GitHunt
DA

davidkny22/Noosphere

Interactive 3D visualization of AI embedding spaces. Real-time bias probes, semantic analogies, nearest-neighbor search, and cluster analysis. Built with React Three Fiber and FastAPI.

Noosphere

3D interactive visualization of AI embedding spaces. Fly through the conceptual geography of how language models represent ideas — right in your browser.

License: AGPL v3

What is this?

Noosphere takes a vocabulary of 10,000+ English words, embeds them using an AI model (MiniLM or Qwen3), reduces the high-dimensional vectors to 3D with PaCMAP, clusters them with HDBSCAN, and renders the result as an interactive point cloud you can explore.

Each glowing point is a word. Nearby points are semantically similar. Colors represent clusters of related concepts. You navigate an AI's mind.

Features

  • Semantic teleport — type any word or sentence, the model embeds it in real-time and flies you to where it lives in the space
  • Bias probe — pick two concepts as poles (e.g. "male" / "female") and watch the entire space recolor on a gradient showing every concept's relative association. Export results as CSV.
  • Neighborhood view — select any point, see its nearest neighbors highlighted with connecting constellation lines
  • Analogy explorer — input "A is to B as C is to ___" and watch vector arithmetic play out in 3D
  • Comparison mode — embed two sentences and see where they land, how far apart they are, and what surrounds them
  • Fly mode — switch from orbit to WASD + mouse look for full free-flight immersion
  • Beginner / Advanced toggle — progressive disclosure of analytical tools

Quick Start

Prerequisites

  • Python 3.11python.org (3.12 may work but is untested)
  • uv — fast Python package manager: pip install uv or see docs.astral.sh/uv
  • Node.js 18+nodejs.org
  • GPU (optional) — CUDA or MPS (Apple Silicon) for faster pipeline runs. CPU works fine.

Install & Run

git clone https://github.com/davidkny22/Noosphere.git
cd Noosphere
npm run setup    # installs Python + Node dependencies (~2 min first time)
npm start        # launches server + frontend together

Open http://localhost:5173 and explore.

A pre-built 10K-word MiniLM space ships with the repo. No pipeline run needed.

Setup (Manual)

If you prefer to run components separately, or need more control:

Server (embedding API)

cd server
uv sync
uv run serve

Starts at http://localhost:8000. The server loads all spaces found in web/public/spaces/ and provides embedding, neighbor search, bias probing, analogy, and comparison endpoints.

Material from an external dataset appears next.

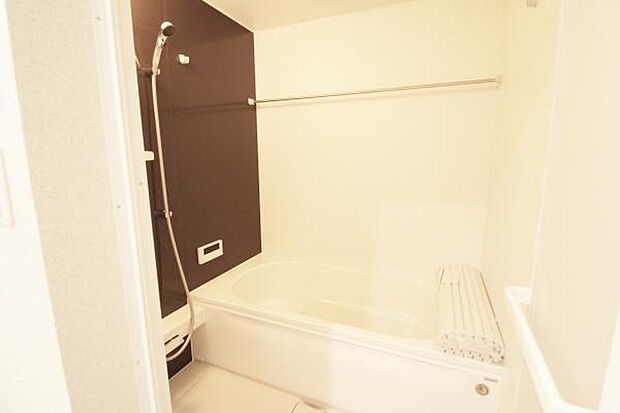 大人が足を伸ばしても入れる広々とした浴槽♪肩まで浸かって体全体をしっかり温められます。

The server is required for advanced features (embed, bias probe, analogy, comparison). The visualization itself works without it — you can still browse and search the pre-built space.

Frontend

cd web
npm install
npm run dev        # starts both frontend + server via concurrently (default)
npm run dev:web    # starts frontend only (if you're running the server separately)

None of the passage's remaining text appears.